## Pictures with short captions
* * * * *

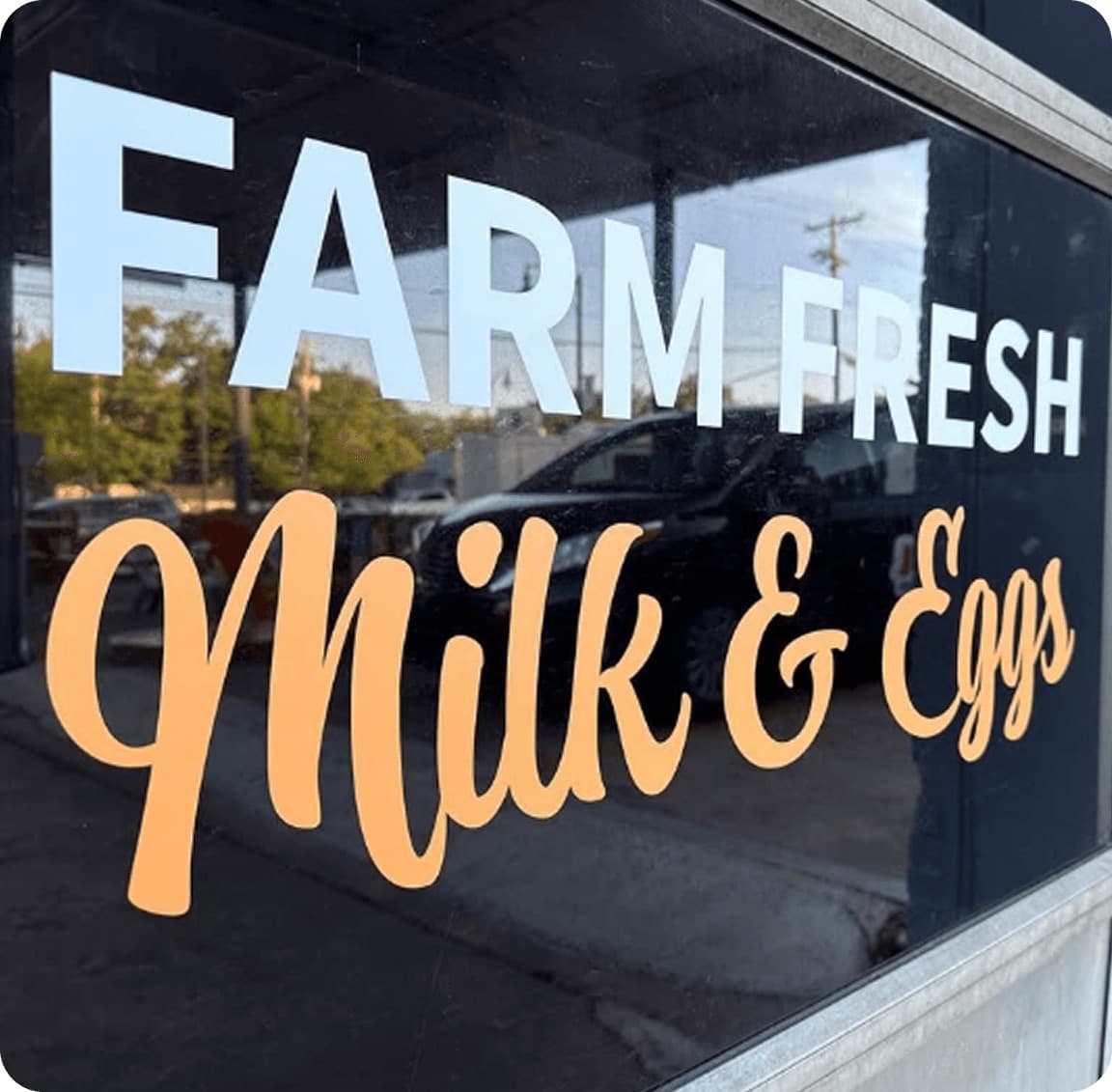 Custom vinyl lettering transfer-applied to a storefront window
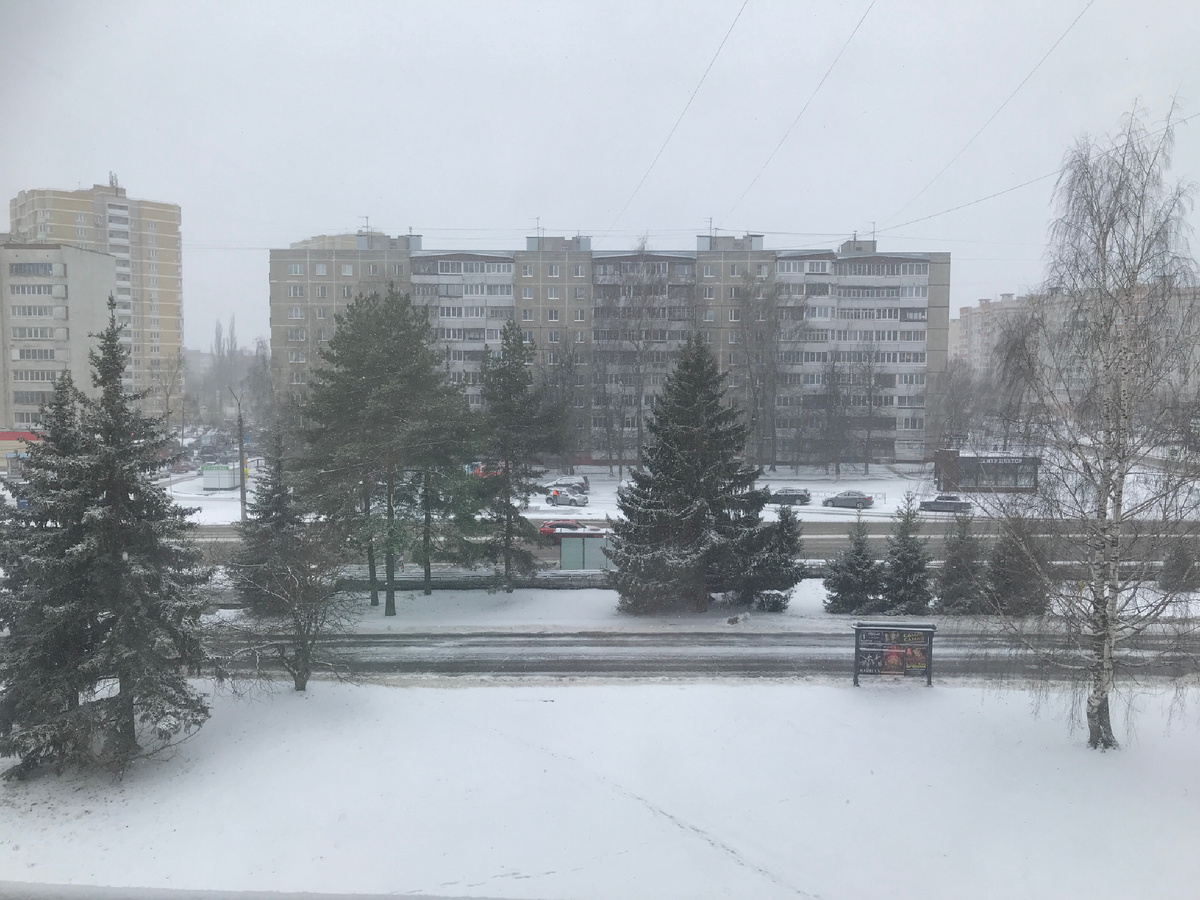 6 апреля 2025г. г.Владимир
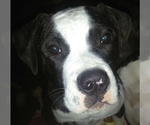 Small Photo #11 American Bulldog Puppy For Sale in CALDWELL, ID, USA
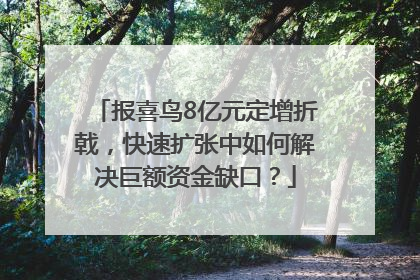 报喜鸟8亿元定增折戟，快速扩张中如何解决巨额资金缺口？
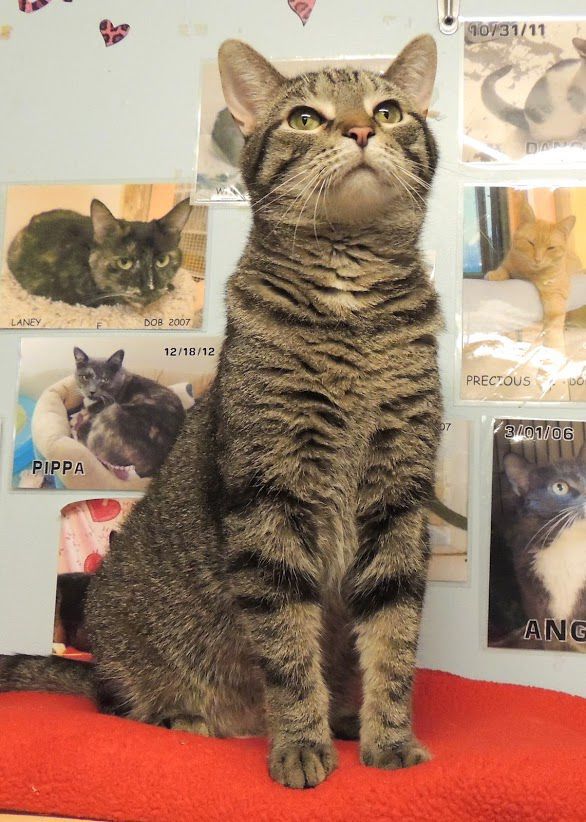 Vincenzo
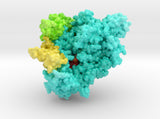 SARS-CoV-2 RNA Polymerase inhibited by Remdesivir 3d printed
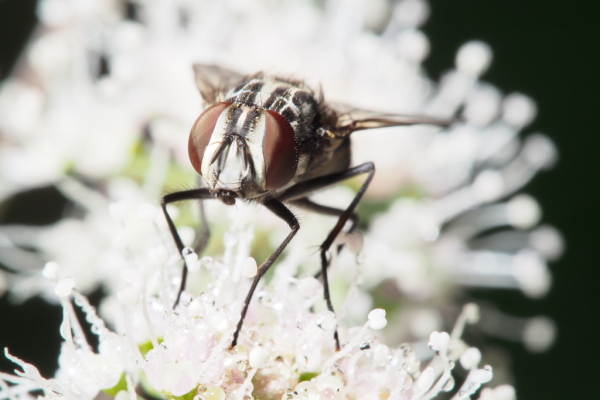 Skaliertes Bild Diptera, Muscidae, Graphomya maculata_2015_07_31--07-56-49.jpg 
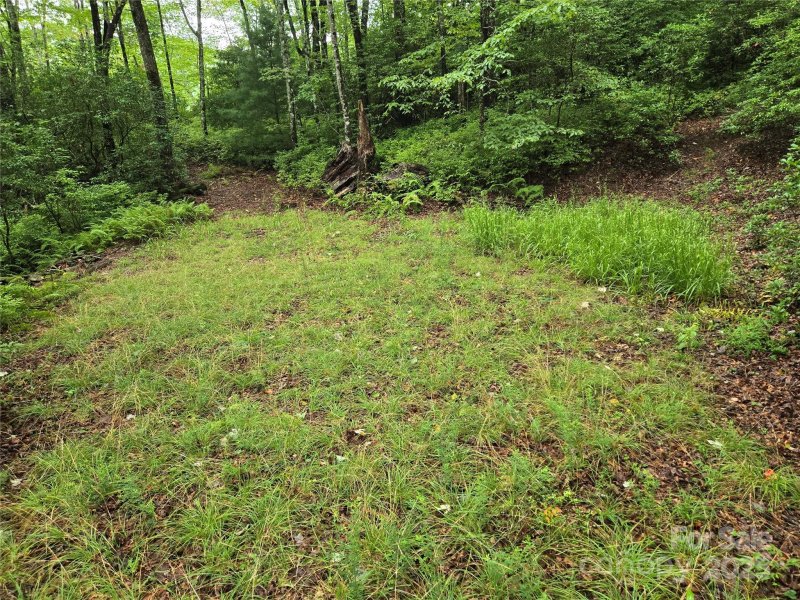 Property image 3 of 147 Hummingbird Hollow in Indian Camp Mountain, Rosman, NC 28774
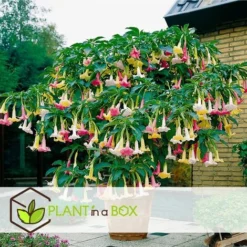Brugmansia - Mélange De 3 - Fleurs De Jardin - Pot 9cm - Hauteur 25-40cm -Flore Riche Soldes Magasin 56677430 3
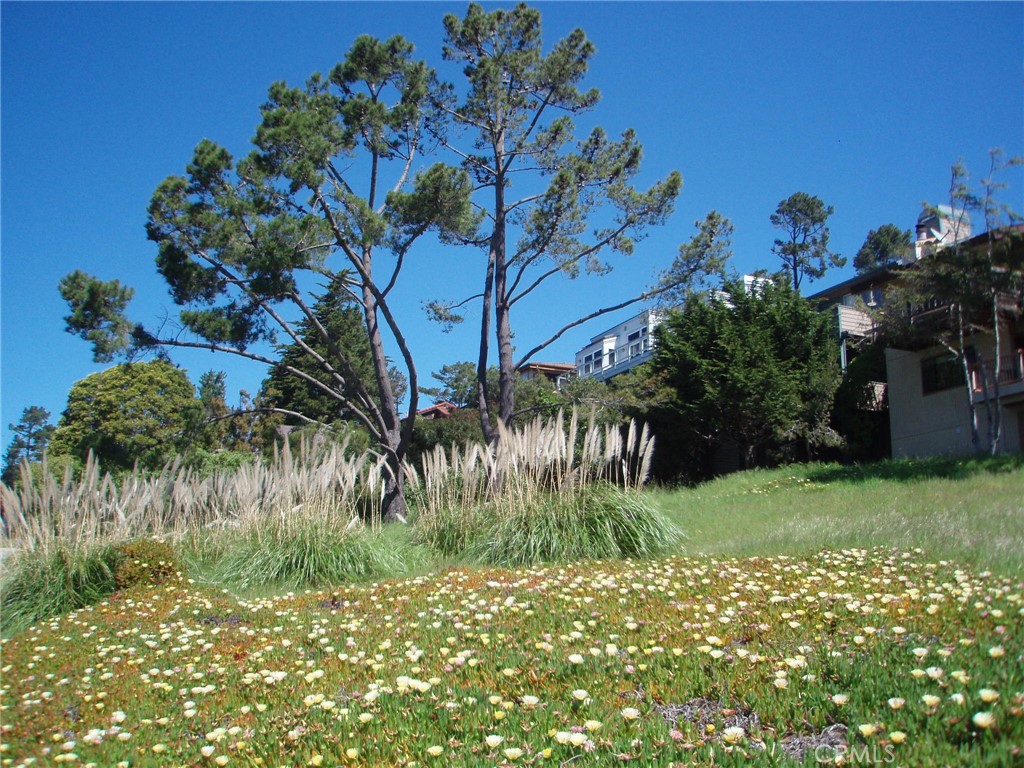 1970 Emmons Rd, Cambria, CA 93428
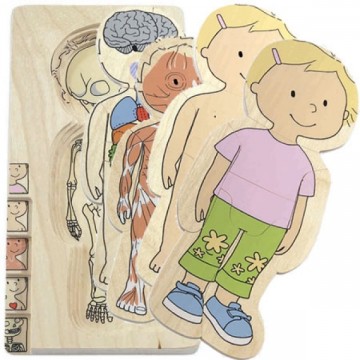 Your Body Layer Puzzle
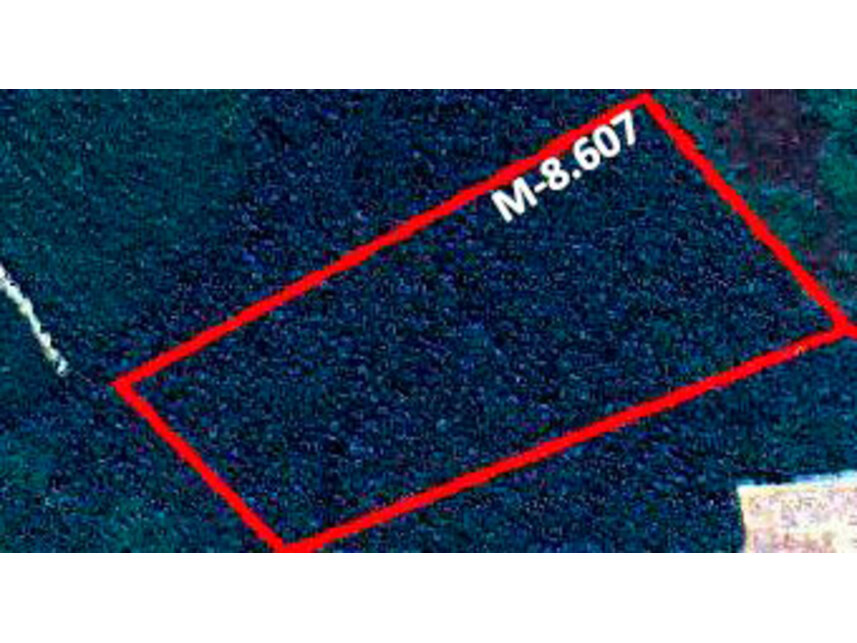 Imagem 7 do Leilão de Área Rural - Zona Rural - Rondon do Pará/PA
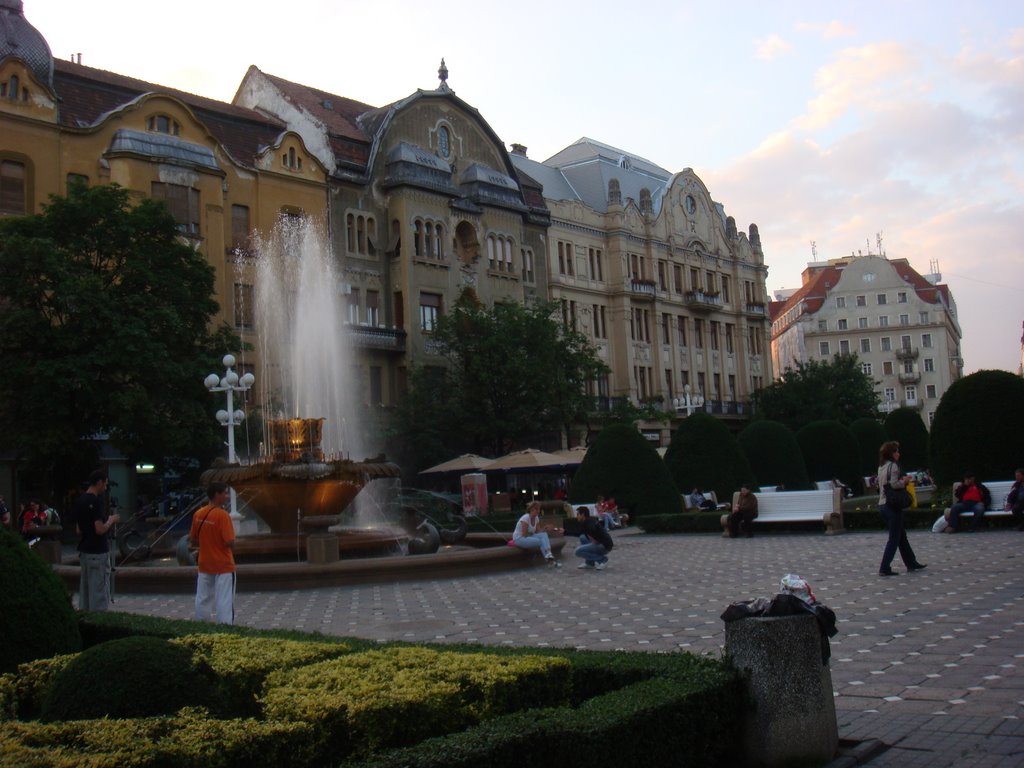 TIMISOARA / CENTRU / diamar.ro by Marian si Diana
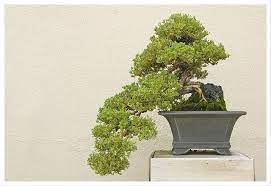 Nana Kennett Square Pa Japanese Garden Bonsai Longwood Gardens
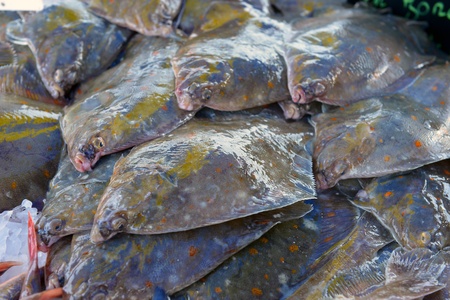 Flatfish on the stand of the fish market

* * * * *

## What to do
If a picture appears among the records, leave it out, and otherwise reproduce exactly every line from the first line through the one with "Property image 3", both included.

## Solution to the exercise
 Custom vinyl lettering transfer-applied to a storefront window
 6 апреля 2025г. г.Владимир
 Small Photo #11 American Bulldog Puppy For Sale in CALDWELL, ID, USA
 报喜鸟8亿元定增折戟，快速扩张中如何解决巨额资金缺口？
 Vincenzo
 SARS-CoV-2 RNA Polymerase inhibited by Remdesivir 3d printed
 Skaliertes Bild Diptera, Muscidae, Graphomya maculata_2015_07_31--07-56-49.jpg 
 Property image 3 of 147 Hummingbird Hollow in Indian Camp Mountain, Rosman, NC 28774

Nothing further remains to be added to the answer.